Das Geschäft Mobilität
Elektromotor oder Hybrid? Nicht die ein­zige Frage, vor der Hersteller ste­hen. Viele Metropolen außer­halb Europas ste­hen schon heute vor dem Verkehrskollaps. Wenn sich die deut­schen Hersteller auf die­sen Märkten hal­ten wol­len, müs­sen sie mehr bie­ten. In Zukunft wol­len Menschen Fahrzeuge nicht immer besit­zen, aber nut­zen. Die Frage lau­tet: Wer wird ihnen diese Mobilität ver­kau­fen? Die Bahn, die Autohersteller oder Google? Erste Versuche gibt es. Mit "Car2go" bie­tet Daimler seit 2008 Großstadtbewohnern Mobilität auf Abruf an. VW will nicht nur Elektroautos bauen, son­dern auch grü­nen Stromdazu anbie­ten. In den nächs­ten fünf Jahren will Volkswagen 660 Millionen Euro in erneu­er­bare Energie inves­tie­ren. Nicht nur die Produkte, auch die Produktion soll grü­ner werden.

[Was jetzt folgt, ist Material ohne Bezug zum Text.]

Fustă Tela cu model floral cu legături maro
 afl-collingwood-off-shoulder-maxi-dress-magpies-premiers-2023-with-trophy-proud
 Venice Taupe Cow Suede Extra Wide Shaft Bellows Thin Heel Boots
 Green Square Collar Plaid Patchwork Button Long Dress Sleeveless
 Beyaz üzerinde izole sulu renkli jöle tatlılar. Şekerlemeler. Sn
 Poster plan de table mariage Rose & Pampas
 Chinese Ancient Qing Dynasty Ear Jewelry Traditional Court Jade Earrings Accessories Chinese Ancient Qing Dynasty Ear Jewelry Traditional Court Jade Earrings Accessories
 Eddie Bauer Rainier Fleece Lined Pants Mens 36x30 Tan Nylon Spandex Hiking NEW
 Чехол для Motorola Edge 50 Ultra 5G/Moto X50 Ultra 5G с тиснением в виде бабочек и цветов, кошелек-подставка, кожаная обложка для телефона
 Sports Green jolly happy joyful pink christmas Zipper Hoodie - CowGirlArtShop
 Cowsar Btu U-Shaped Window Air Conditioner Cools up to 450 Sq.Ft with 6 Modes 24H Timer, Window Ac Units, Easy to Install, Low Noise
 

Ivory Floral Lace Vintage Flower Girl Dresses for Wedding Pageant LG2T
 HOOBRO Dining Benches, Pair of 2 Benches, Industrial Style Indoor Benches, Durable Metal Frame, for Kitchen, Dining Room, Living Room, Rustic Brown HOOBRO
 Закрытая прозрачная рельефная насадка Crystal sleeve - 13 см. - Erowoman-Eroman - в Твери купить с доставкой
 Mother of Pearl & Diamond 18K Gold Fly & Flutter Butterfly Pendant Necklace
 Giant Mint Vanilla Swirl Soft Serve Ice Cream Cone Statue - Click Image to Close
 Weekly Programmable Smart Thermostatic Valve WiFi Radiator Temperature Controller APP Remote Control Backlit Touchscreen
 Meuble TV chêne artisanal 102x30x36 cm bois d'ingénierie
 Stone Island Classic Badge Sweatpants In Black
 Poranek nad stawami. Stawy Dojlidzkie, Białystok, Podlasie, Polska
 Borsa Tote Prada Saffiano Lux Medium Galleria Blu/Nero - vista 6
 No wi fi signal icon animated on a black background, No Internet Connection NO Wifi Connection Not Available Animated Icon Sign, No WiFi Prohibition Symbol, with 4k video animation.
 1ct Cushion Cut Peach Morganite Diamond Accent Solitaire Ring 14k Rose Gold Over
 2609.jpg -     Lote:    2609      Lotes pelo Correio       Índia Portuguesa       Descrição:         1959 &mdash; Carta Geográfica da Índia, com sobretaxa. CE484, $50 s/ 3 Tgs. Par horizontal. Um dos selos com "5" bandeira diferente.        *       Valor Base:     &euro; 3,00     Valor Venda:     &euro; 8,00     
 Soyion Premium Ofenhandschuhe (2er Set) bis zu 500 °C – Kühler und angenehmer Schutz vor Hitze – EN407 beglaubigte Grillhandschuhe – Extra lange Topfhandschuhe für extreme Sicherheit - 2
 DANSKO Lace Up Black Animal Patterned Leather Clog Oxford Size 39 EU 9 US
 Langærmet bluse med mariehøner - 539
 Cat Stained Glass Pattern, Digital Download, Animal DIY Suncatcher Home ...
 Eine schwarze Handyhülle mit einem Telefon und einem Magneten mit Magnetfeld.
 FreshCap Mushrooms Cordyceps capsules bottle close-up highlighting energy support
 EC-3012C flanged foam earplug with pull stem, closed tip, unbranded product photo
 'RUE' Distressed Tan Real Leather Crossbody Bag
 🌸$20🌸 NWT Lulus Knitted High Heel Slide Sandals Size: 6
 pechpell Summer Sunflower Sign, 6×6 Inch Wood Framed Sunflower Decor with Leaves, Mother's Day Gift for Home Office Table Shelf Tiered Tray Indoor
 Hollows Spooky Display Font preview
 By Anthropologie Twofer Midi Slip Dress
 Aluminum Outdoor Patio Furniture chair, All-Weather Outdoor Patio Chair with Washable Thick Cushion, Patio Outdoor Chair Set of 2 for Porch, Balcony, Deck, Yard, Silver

Für Jürgen Kerner vom IG Metall-Vorstand ist das Fenster noch offen, um der Verkehrsindustrie und den Beschäftigten die Pole-Position zu sichern. "Aber wir müs­sen uns jetzt auf den Weg machen zu einer bran­chen­über­grei­fen­den Industriepolitik im Verkehrssektor. Der Wandel wird kom­men. Wir ent­schei­den, ob wir ihn trei­ben oder er uns."